Requirement: The required output is the lines of the listing from the beginning through the line containing "COMPAÑEROS 1. CURSO", each copied exactly, without any pictures.

Provided records:

━━━━━━

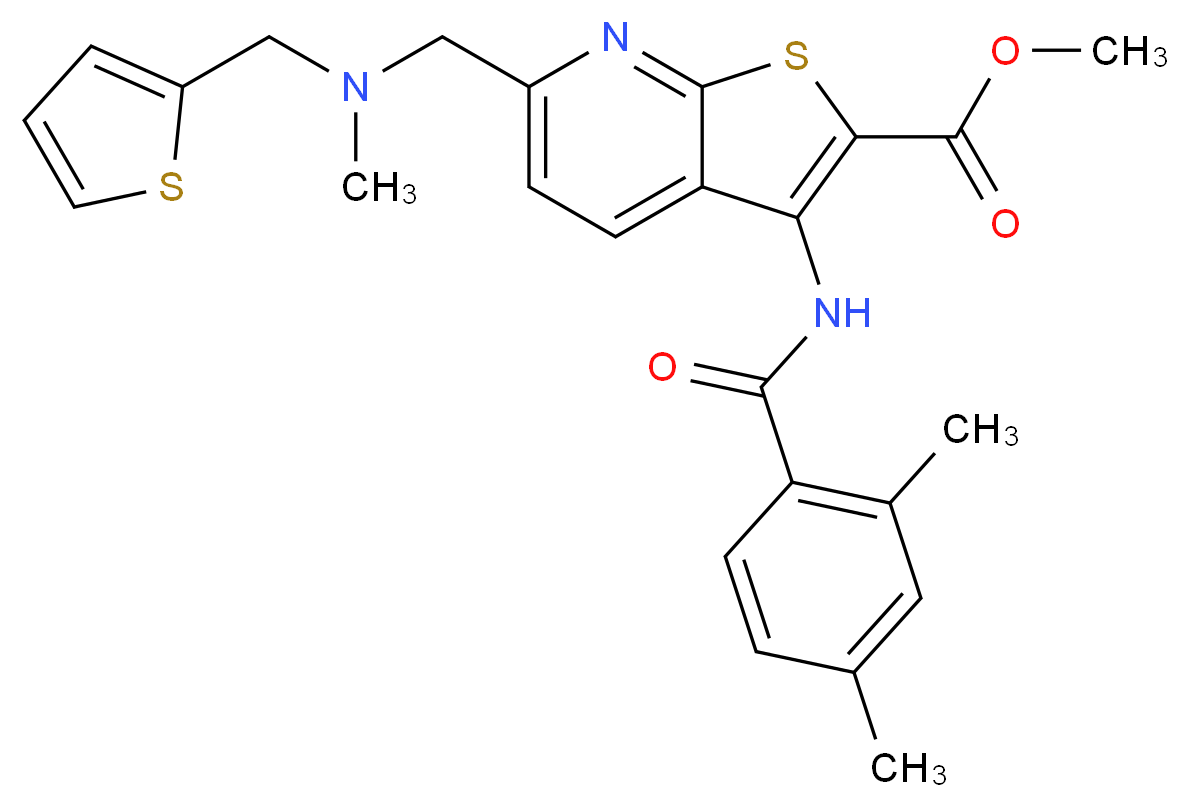 CAS_ molecular structure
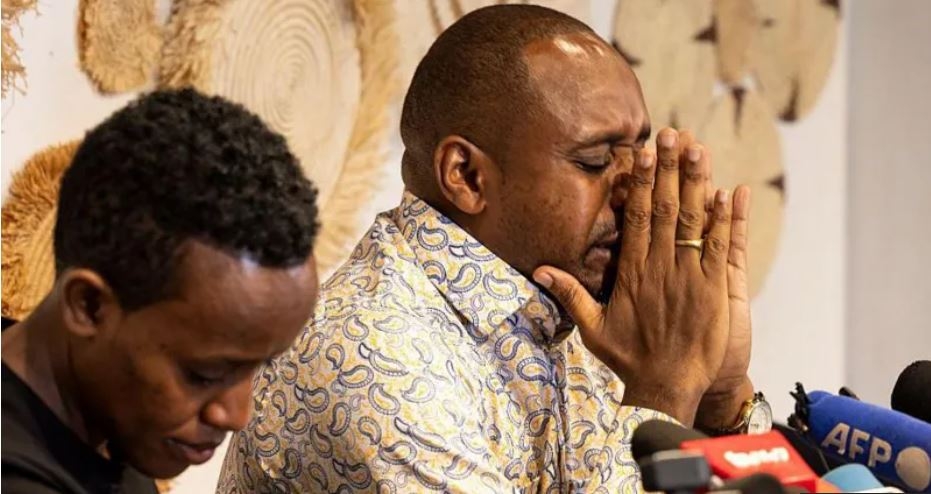 Kenyan activist speaks of 'sexual torture' in Tanzania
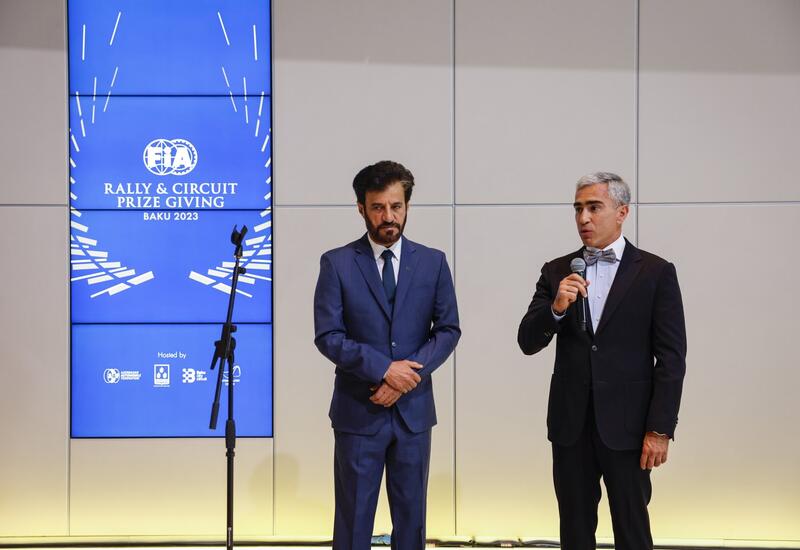 Неделя FIA в Баку завершилась церемонией вручения наград Rally & Circuit Award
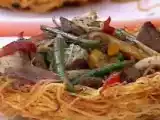 Receita Filé à gengis khan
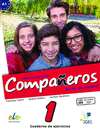 COMPAÑEROS 1. CURSO DE ESPAÑOL.CUADERNO DE  EJERCICIOS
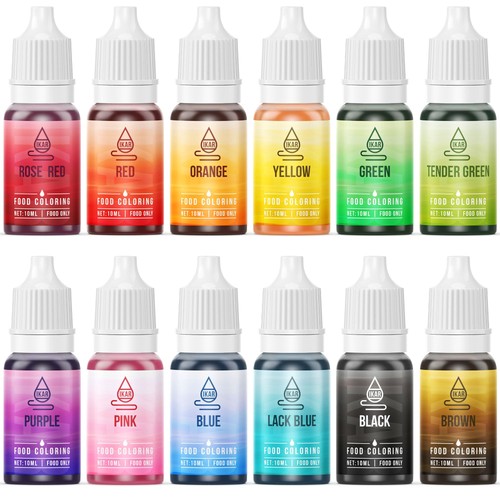 Colorant alimentaire set x - alimentaire, set,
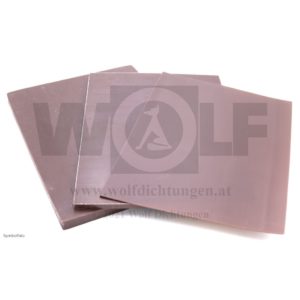 PUR D44 70 ShA braun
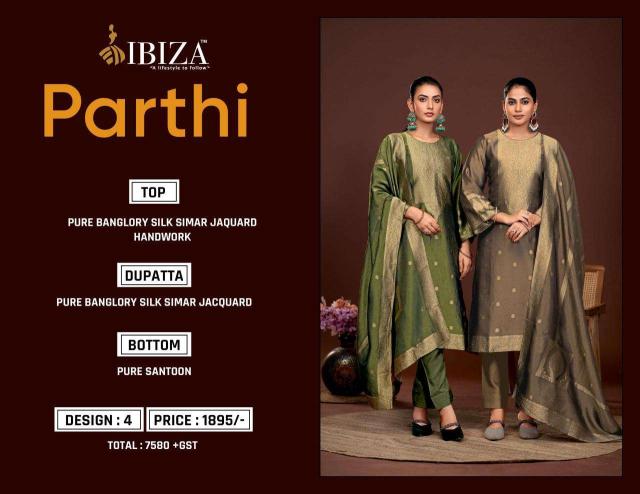 Ibiza Parthi salwar kameez wholesale manufacturers in Surat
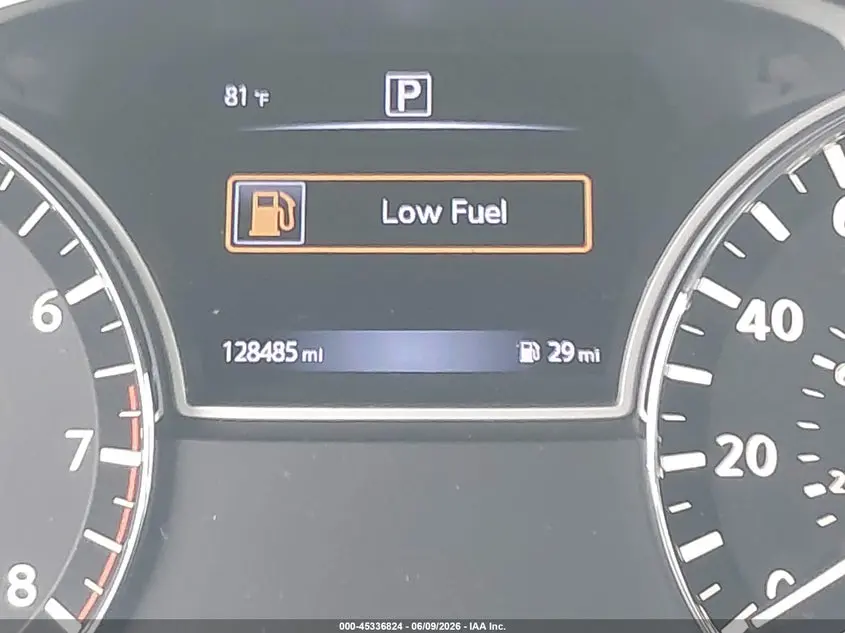 2016 NISSAN ALTIMA 2.5 S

━━━━━━

Answer box:
 CAS_ molecular structure
 Kenyan activist speaks of 'sexual torture' in Tanzania
 Неделя FIA в Баку завершилась церемонией вручения наград Rally & Circuit Award
 Receita Filé à gengis khan
 COMPAÑEROS 1. CURSO DE ESPAÑOL.CUADERNO DE  EJERCICIOS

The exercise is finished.